=== Instructions for the task ===
Word for word, return the lines below from the first through the line that has "PHEH Coal Hopper, GWA", dropping the pictures.

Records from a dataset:
=-=-=

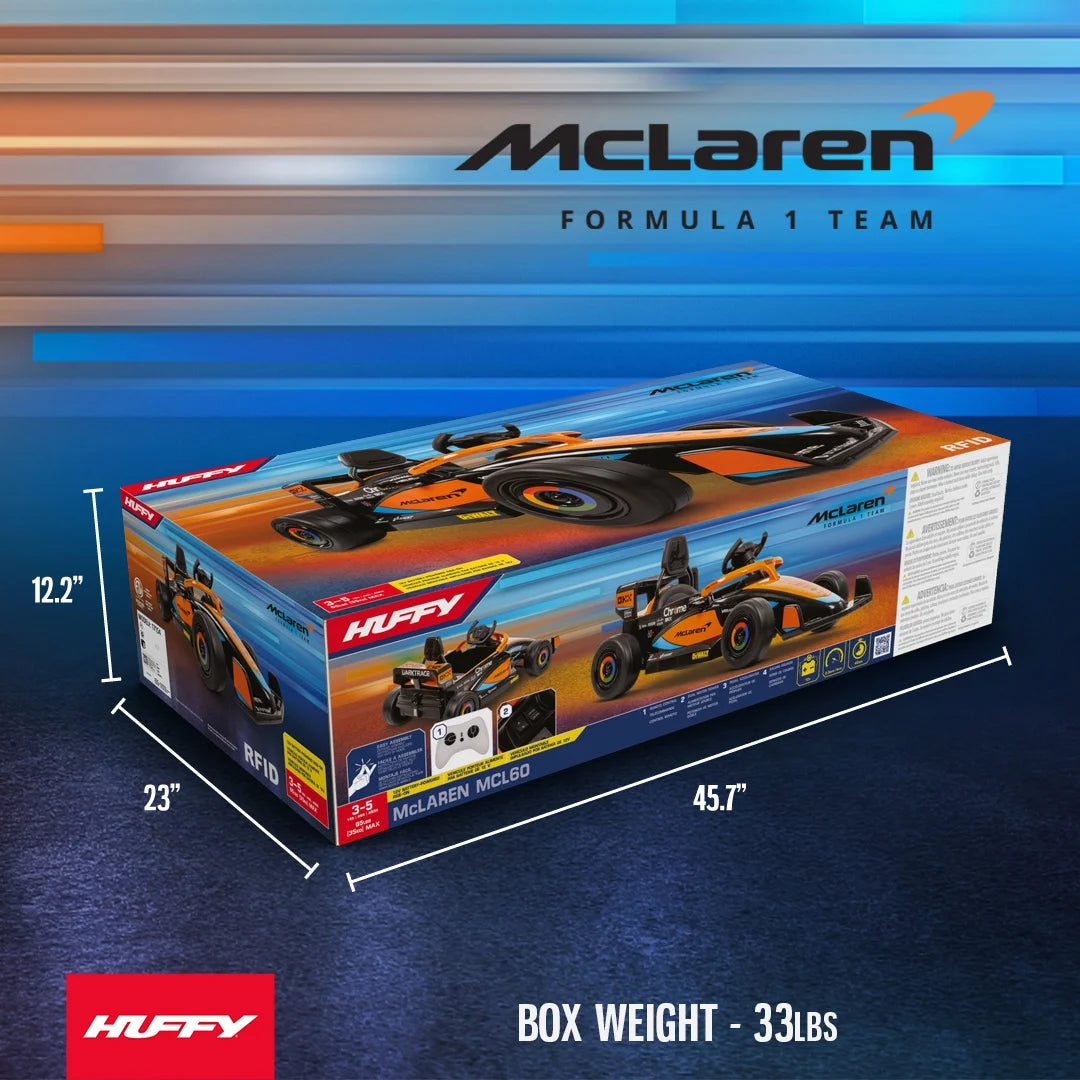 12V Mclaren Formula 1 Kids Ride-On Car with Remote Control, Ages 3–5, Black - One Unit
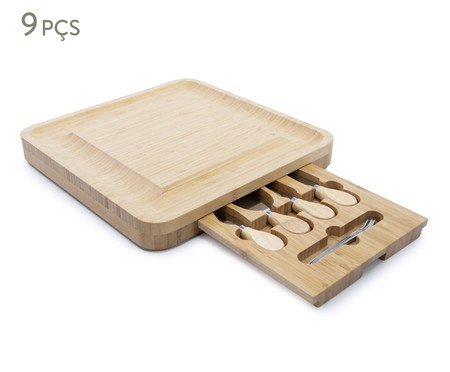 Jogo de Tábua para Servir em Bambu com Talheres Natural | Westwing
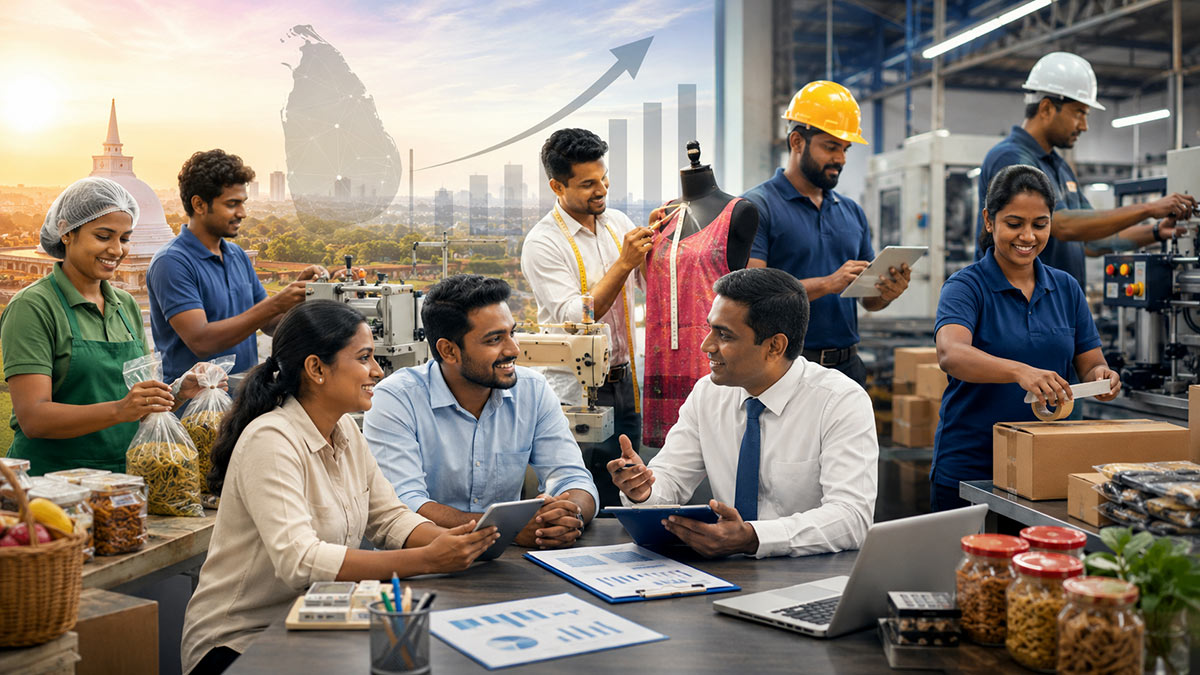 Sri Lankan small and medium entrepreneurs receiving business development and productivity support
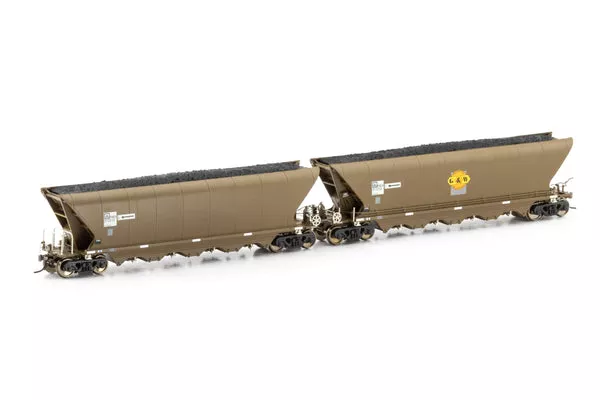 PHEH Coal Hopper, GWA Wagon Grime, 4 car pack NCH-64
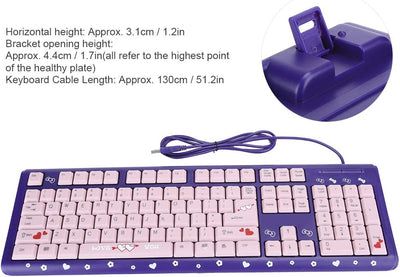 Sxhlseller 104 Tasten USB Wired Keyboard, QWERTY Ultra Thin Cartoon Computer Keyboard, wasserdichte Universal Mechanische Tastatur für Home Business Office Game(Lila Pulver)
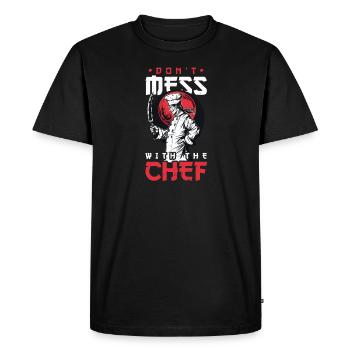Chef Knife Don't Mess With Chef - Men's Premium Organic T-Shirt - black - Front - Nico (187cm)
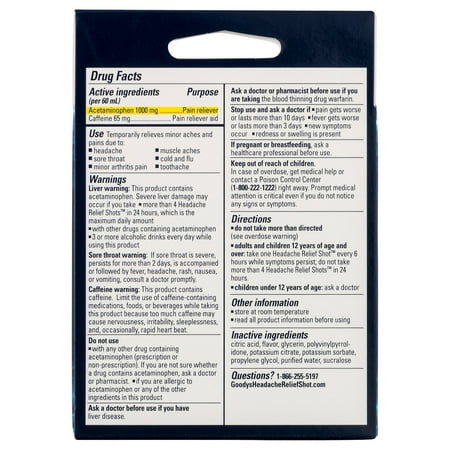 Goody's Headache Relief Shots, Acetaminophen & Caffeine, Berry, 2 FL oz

=-=-=

=== Exercise answer ===
 12V Mclaren Formula 1 Kids Ride-On Car with Remote Control, Ages 3–5, Black - One Unit
 Jogo de Tábua para Servir em Bambu com Talheres Natural | Westwing
 Sri Lankan small and medium entrepreneurs receiving business development and productivity support
 PHEH Coal Hopper, GWA Wagon Grime, 4 car pack NCH-64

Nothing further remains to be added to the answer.